Data for analysis:

______

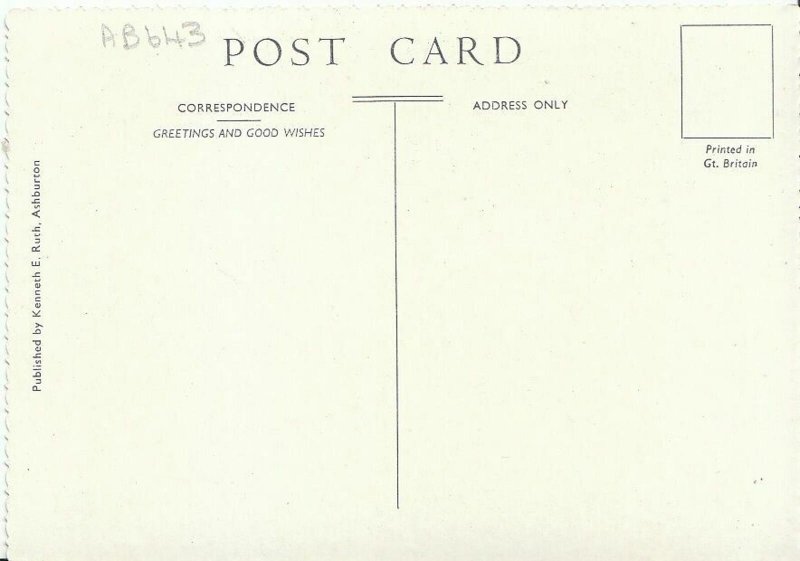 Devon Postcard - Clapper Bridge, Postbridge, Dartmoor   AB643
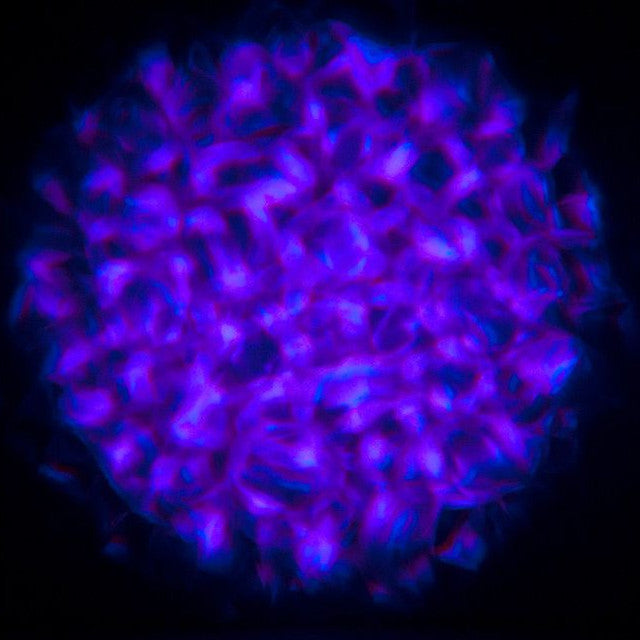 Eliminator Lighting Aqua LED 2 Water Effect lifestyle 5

______

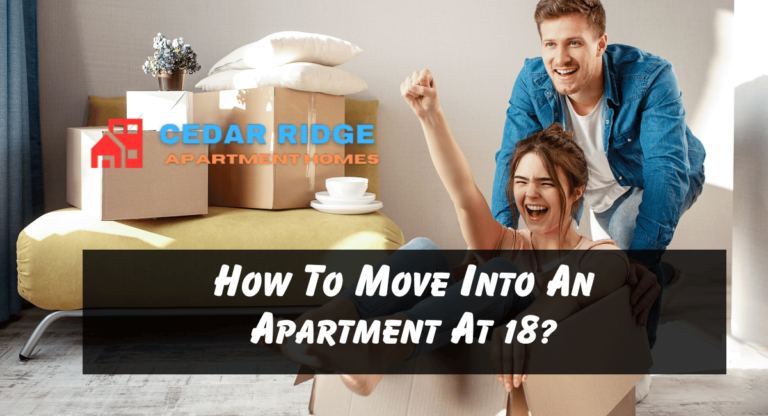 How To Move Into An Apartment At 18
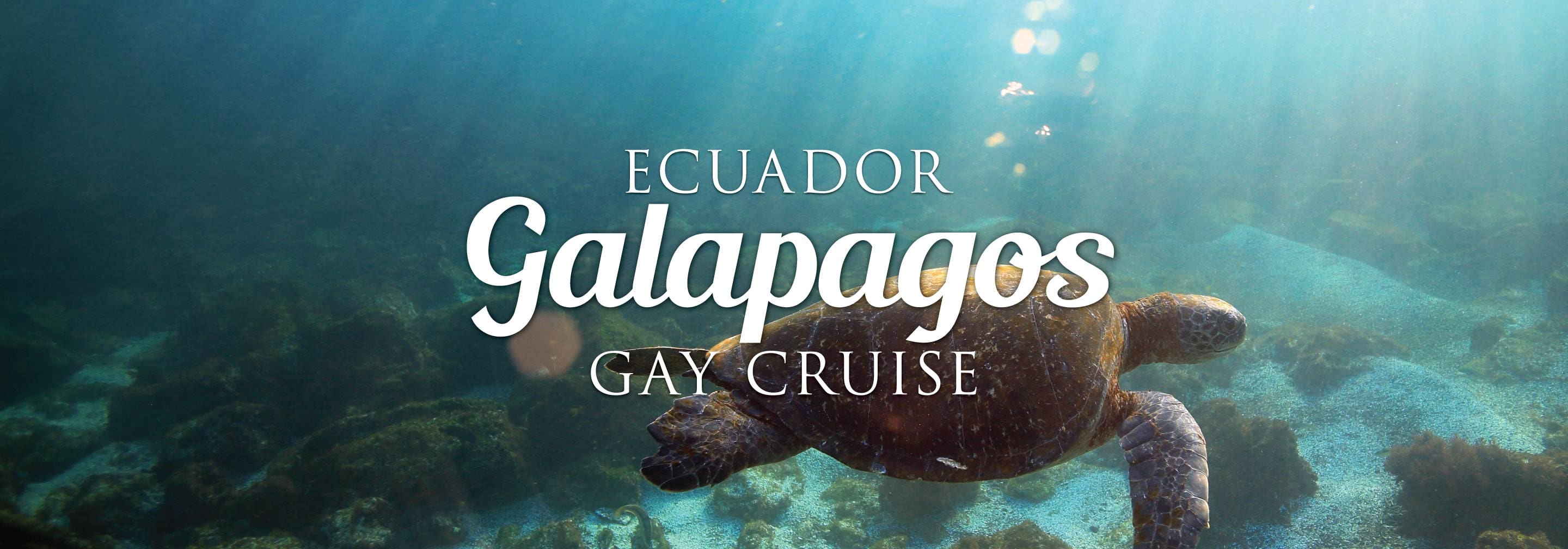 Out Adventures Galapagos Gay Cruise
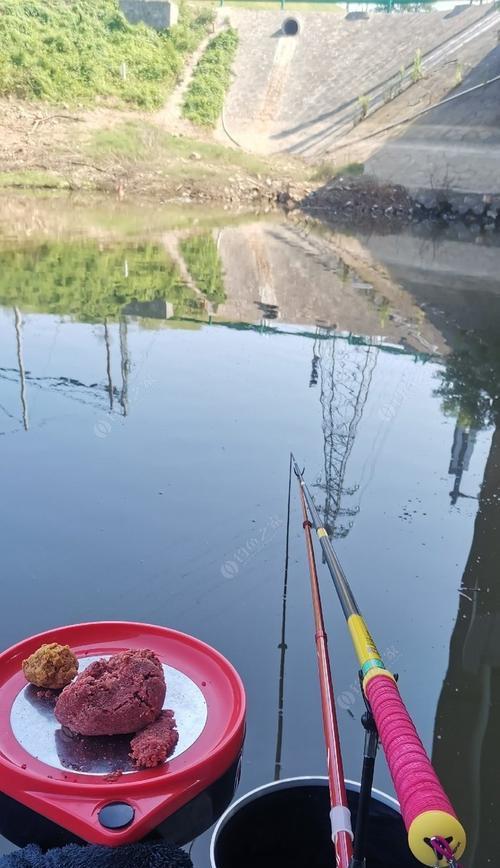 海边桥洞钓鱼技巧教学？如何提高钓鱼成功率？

______

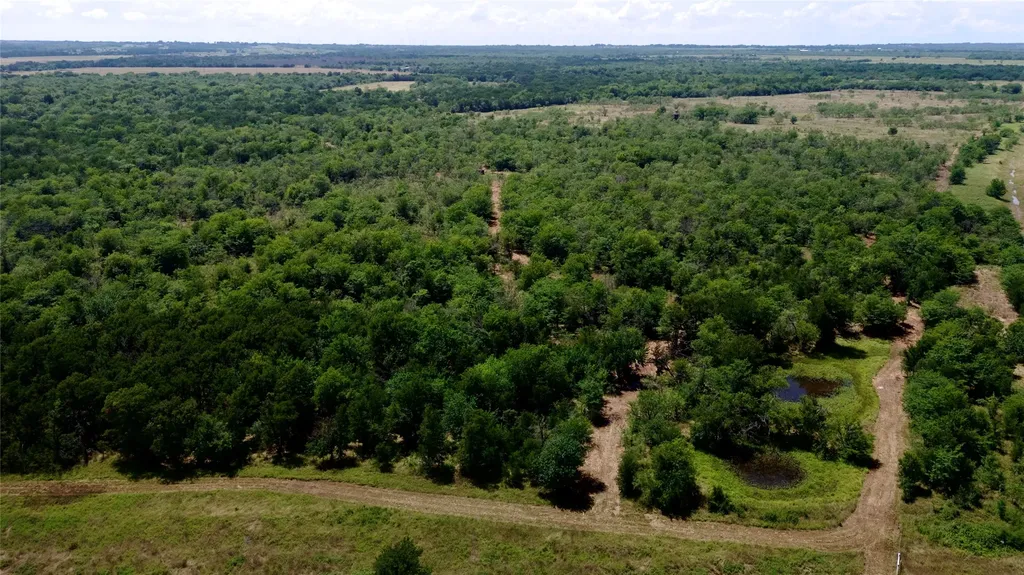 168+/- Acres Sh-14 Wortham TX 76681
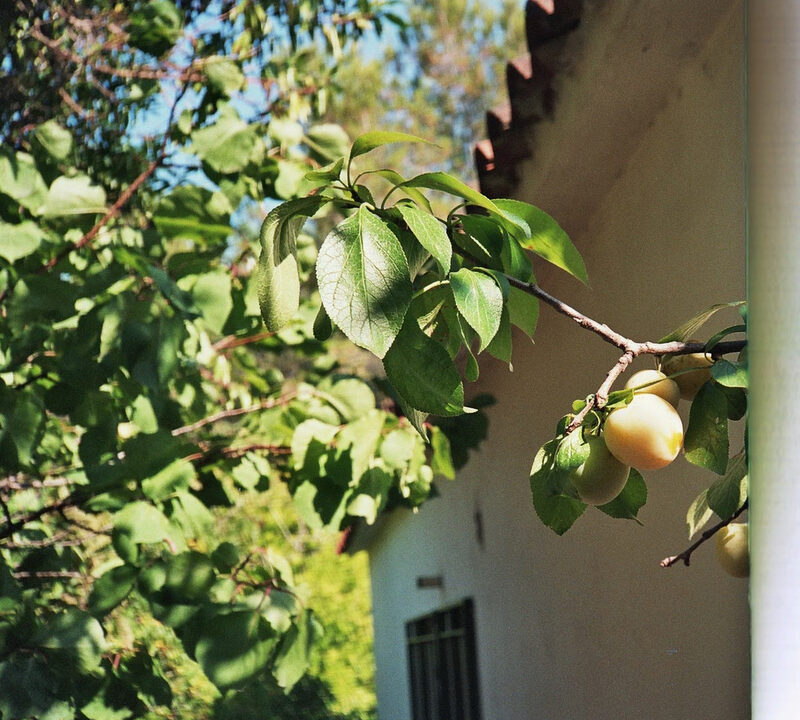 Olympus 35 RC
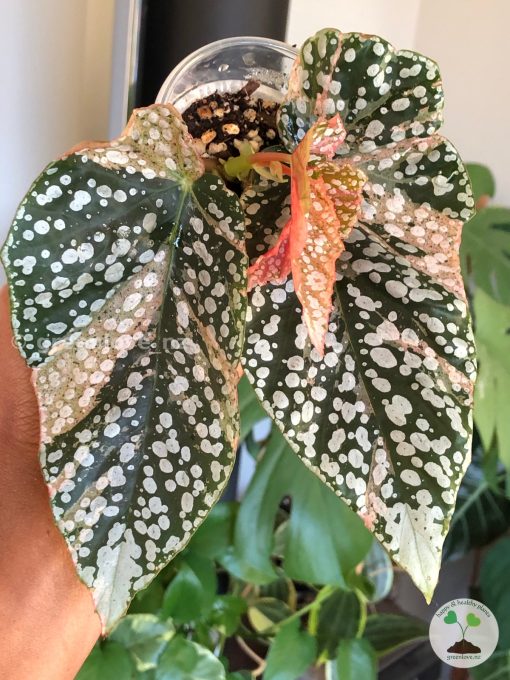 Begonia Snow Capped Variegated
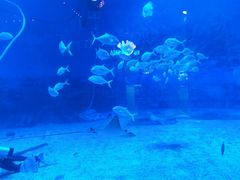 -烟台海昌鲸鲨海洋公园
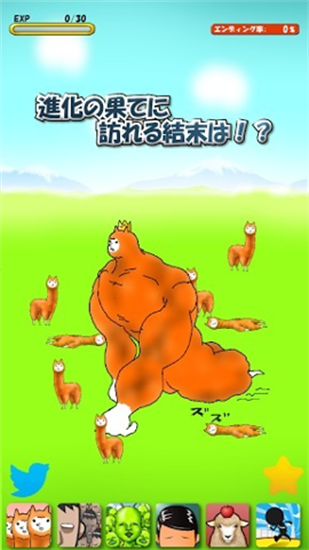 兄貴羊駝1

______

What this task involves:
Drop the pictures; return the lines above from the line containing "Devon Postcard - Clapper" to the line containing "Eliminator Lighting Aqua", both included, exactly.

Result of this task:
 Devon Postcard - Clapper Bridge, Postbridge, Dartmoor   AB643
 Eliminator Lighting Aqua LED 2 Water Effect lifestyle 5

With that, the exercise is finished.